Припав к лошадиной шее, он прорвался сквозь захламлённый, смешаный лес, махнул через гиблую, в зелёных окнах, болотную зыбь — и все это походя, без чувства риска и опасности — и скоро обнаружил, что вновь скачет по полю. Склон холма был пологим, долгим, но когда жеребец достиг его вершины, открылся вид на десятки километров вокруг. Казалось, вся земля лежит внизу, под конскими копытами! Не кобылицу он искал, а эту высшую точку, куда стекались и откуда разносились все звуки, дабы провозгласить о любви и быть услышанным. Ражному почудилось, не конь заржал, а он сам прокричал в небо, и пронзительный, наполненный внутренней мощью голос полетел по косым солнечным лучам, как по нотным линейкам. И почти тотчас же от далёкой лесной строчки на горизонте донёсся отклик — высокий и певучий, напоминающий очищенное расстоянием эхо. Жеребец затанцевал, запрядал ушами и, словно вспомнив о седоке, внезапно шарахнулся в сторону, взлягнул, высоко подбрасывая задние ноги, — освободиться хотел!

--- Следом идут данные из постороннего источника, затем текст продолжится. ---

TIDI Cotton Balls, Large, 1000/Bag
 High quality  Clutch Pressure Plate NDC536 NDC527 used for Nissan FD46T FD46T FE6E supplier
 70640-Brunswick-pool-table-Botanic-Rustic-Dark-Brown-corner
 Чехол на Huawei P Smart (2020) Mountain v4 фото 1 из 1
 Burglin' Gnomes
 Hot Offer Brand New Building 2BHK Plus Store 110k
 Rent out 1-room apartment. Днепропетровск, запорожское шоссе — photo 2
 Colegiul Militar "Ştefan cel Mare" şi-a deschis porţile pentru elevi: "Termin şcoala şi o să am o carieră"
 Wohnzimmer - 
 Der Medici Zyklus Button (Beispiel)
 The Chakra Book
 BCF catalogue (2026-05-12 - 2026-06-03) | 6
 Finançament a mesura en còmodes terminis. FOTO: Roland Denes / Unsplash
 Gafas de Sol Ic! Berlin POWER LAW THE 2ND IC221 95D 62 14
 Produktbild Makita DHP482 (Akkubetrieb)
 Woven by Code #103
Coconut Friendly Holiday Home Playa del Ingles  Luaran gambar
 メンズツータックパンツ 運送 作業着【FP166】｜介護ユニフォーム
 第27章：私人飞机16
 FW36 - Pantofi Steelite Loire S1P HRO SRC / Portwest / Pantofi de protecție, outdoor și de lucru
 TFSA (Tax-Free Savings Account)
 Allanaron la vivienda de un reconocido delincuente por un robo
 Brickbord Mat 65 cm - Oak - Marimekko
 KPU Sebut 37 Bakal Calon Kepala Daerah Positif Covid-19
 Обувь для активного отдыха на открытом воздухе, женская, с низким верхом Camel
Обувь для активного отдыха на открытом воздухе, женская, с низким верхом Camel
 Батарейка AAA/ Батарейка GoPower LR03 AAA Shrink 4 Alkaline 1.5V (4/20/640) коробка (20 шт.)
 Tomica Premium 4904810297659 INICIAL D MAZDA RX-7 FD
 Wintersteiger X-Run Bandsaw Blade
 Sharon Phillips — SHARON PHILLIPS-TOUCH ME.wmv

— Нет, брат! — перевёл повод. — Давай уж вместе! В специальные кавалерийские занятия пограничного спецназа входило родео, когда к седлу привязывали третью подпругу, перехватывающую пах лошади. Её затягивали по команде, и невысокие горные лошадки, и так тряские, норовистые, выделывали испанские танцы на манеже. Этот жеребец в сравнении с ними казался кораблём, неповоротливым мастодонтом; четверть часа он пытался сбросить наездника, прыгая по вершине холма, чтобы только не выдать таинства предстоящей любви. Но так и не избавившись от свидетеля, отчаялся, пошёл на крайние меры — на всем скаку завалился на бок, перевернулся через спину, благо что седло было спортивное, мягкое, без железных лук. И только вскочил на ноги — Ражный вновь оказался наверху, ещё раз перевёл повод, разрывая страстные и потому бесчувственные губы стальными удилами.